Oft hatte er sich den Kopf zerbrochen, was wohl hinter den trüben Fensterscheiben, vor denen die alte Dame saß, liegen mochte – – ob sie auf einen Hof hinausgingen, auf einen Garten oder auf eine Straße, aber nie hatte er den Versuch gewagt, sich zu überzeugen. – Er hätte zu diesem Behufe an der Gräfin vorbeigehen müssen, und schon der Gedanke daran war ihm unfaßbar.

Der ewig gleiche Eindruck des Zimmers ließ nie einen neuen Entschluß in ihm aufwachen; in demselben Augenblick, wo er den Raum betrat, war er stets wie zurückgeschraubt in die Stunde, als er hier das erstemal seinen Besuch machen mußte, und kam sich vor, als sei sein ganzes Wesen ebenfalls in Rupfen und Leinwand eingenäht – "zum Schutz gegen Fliegen", die es gar nicht gab.

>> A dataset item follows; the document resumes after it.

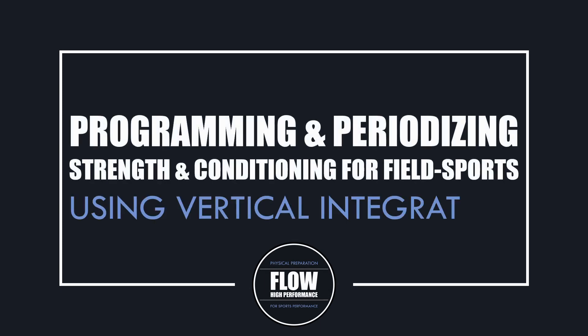Hi everyone, Peter here from Flow High Performance. In this video we will cover how strength and conditioning training can be periodized for field sport athletes using a vertical integration approach.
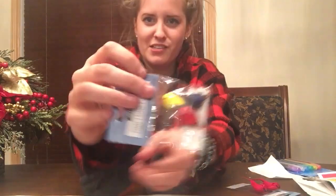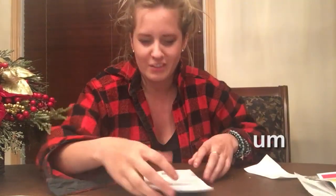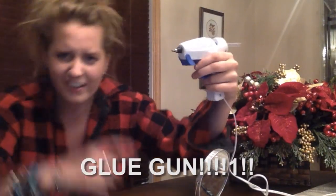What you'll need: these little birds, little dots, this thing for eyebrows, the dust stuff, and stars. The only star I need in my life though is Conor McDavid. A glue gun, because you're a gangster.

Der einzige Gegenstand, der unverhüllt war oder wenigstens nur teilweise, war ein lebensgroßes Porträt mitten unter den Miniaturen; – in den grauen Kaliko, der es samt dem Rahmen umgab, war ein viereckiges Loch geschnitten, und heraus schaute mit kahlem, birnenförmigen Schädel und den Blick der wasserblauen, gefühllosen Fischaugen ins Leere gerichtet, das hängebackige Gesicht des toten Gatten der alten Dame, des ehemaligen Obersthofmarschalls Zahradka.

Wer es ihm erzählt, hatte Ottokar Vondrejc längst vergessen, aber er wußte irgendwoher, der Graf wäre ein Mensch voll Grausamkeit und erbarmungsloser Härte gewesen, voll Rücksichtslosigkeit nicht nur gegen die Leiden anderer – auch gegen die eigenen; so hätte er als Knabe, zum bloßen Zeitvertreib, sich durch den nackten Fuß einen Eisennagel in die Diele gehämmert.

Katzen gab es eine Unzahl im Hause, lauter alte, langsam schleichende Geschöpfe.

Oft sah der Student ihrer wohl ein Dutzend auf dem Gang auf und nieder wandeln, grau und leise, als warteten sie wie zu Gericht geladene Zeugen, bis man sie einvernähme – aber nie betraten sie das Zimmer, und wenn eine einmal den Kopf irrtümlich zur Tür hereinstreckte, zog sie ihn sofort wieder zurück, gewissermaßen mit einer Entschuldigung, daß sie einsehe, es sei noch nicht an der Zeit, ihre Aussage vorzubringen. – – – – – –

Die Gräfin Zahradka hatte eine eigentümliche Art, den Studenten zu behandeln.

Zuweilen ging von ihr etwas auf ihn über, was ihn berührte wie die zärtliche Liebe einer Mutter, aber es dauerte immer nur wenige Sekunden – im nächsten Augenblick fühlte er eine Welle eiskalter Verachtung, fast wie Haß.

Woher es kam, war ihm nie klargeworden. Es schien mit ihrem ganzen Wesen verwachsen – war vielleicht eine Erbschaft uralter böhmischer Adelsgeschlechter, die seit Jahrhunderten gewohnt gewesen, von demütigen Domestiken umgeben zu sein.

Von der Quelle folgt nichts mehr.